By John-Henry Westen and John Jalsevac

TORONTO, February 11, 2009 ( – The Ontario Human Rights Commission (OHRC) has issued a report calling for the Canadian Government to create a national press council with mandatory membership, a suggestion that critics say amounts to a call for government censorship of the press.

The OHRC is pushing for the “statutory creation of a national press council with compulsory membership and powers to determine breach of professional standards and order publication of press council decisions.”

According to the proposal, all Canadian magazines, newspapers and “media service” websites would have to join the council, which would be given the power to deal with discrimination complaints. This would include internet-only news services as well as blogs.
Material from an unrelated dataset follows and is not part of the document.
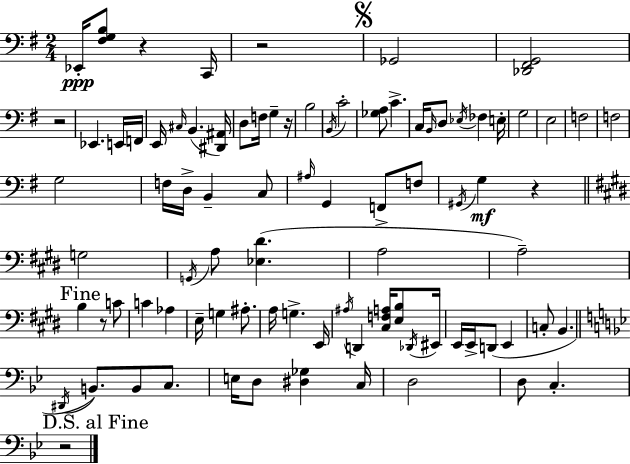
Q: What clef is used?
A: bass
The media has the duty to “address issues of hate expression” says the report.

The recommendations came in a submission by the OHRC to the Canadian Human Rights Commission, released yesterday.  The submission says the commission wants to ensure that “mechanisms are in place to provide opportunity for public scrutiny and the receipt of complaints, particularly from vulnerable groups.” 

The OHRC observes that these measures “must not cross the line into censorship” and that the “OHRC recognizes the media must have full freedom and control over what they publish.”
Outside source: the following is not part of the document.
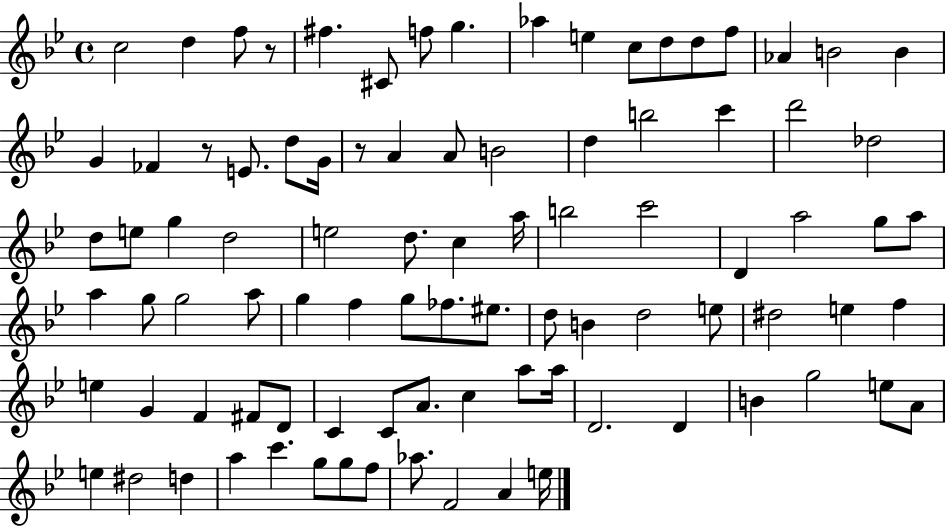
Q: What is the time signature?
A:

However, an editorial published today in the National Post, a national Canadian newspaper, questions whether or not such provisions can avoid becoming censorship, and questions the motives of the commission in pushing for such a council.

The OHRC is known for targeting Christians and conservatives in the public square, having in the past fined Christian mayors for refusing to proclaim gay pride day and fought against conscience rights for medical professionals. Last year the council also ordered the Christian charity, Christian Horizons, to stop requiring employees to sign a “morality statement,” in which employees agreed to live according to basic Christian ethical standards. The staff at Christian Horizons were also ordered to undergo pro-homosexual “human rights training.”

The National Post editorial board also suggests that the OHRC recommendation is related to the commission’s inability to prosecute journalist Mark Steyn for “Islamophobia” last year, due to the fact that the Ontario Human Rights Code does not extend to published works. The human rights codes of other provinces, however, do extend to such written materials, and so while the Ontario commission was unable to pursue the complaint against Steyn, the B.C. commission held hearings on the issue, although the complaint was later dropped.

Famously, Barbara Hall, the head of the OHRC, released a press release announcing that the Ontario commission could not follow through on the complaint against Steyn, but in which she nevertheless denounced his writings as Islamophobic.

“Ominously, at the time, Ms. Hall also stated that all journalists should put their writings through a ‘human rights filter’ before publication,” observes the National Post editorial. “Because she was not able to force such a filter on Maclean’s, her current proposal for a national press council is almost certainly an attempt to make such a filter mandatory, in law.”

The editorial concludes that “making all writers, bloggers and broadcasters hostage to a national press council is merely the first step toward letting the Barbara Halls of the world decide what you get to hear, see and read. To that, we say: ‘No, thanks.’ And so should every newspaper reader, Web surfer and television viewer in the land.”

As reported Monday, federal MP’s will be looking at proceeding with curtailing or scrapping Section 13 – the hate provisions – of the Canadian Human Rights Act altogether. In the process they will consider the misuse of the Section by the Human Rights Commissions.